EXERCISE GOAL — Beneath this line are entries. Copy the range from the line with "Market position of" to the line with "Pointers & Arrays - Pointer Assignments", ends included, exactly; leave pictures out.

LISTED RECORDS —
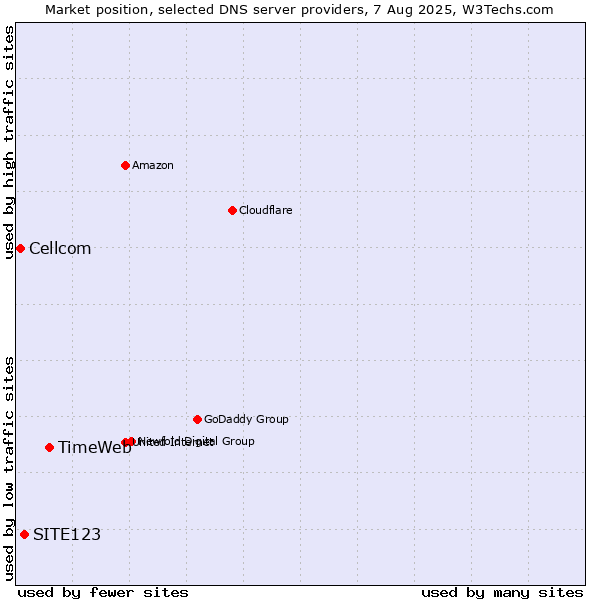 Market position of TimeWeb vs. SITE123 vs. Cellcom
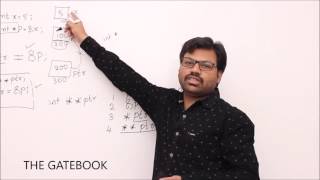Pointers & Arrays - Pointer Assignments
==
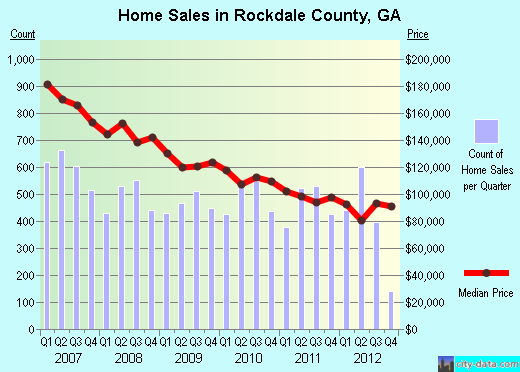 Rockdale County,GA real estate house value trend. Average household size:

YOUR SOLUTION —
 Market position of TimeWeb vs. SITE123 vs. Cellcom
Pointers & Arrays - Pointer Assignments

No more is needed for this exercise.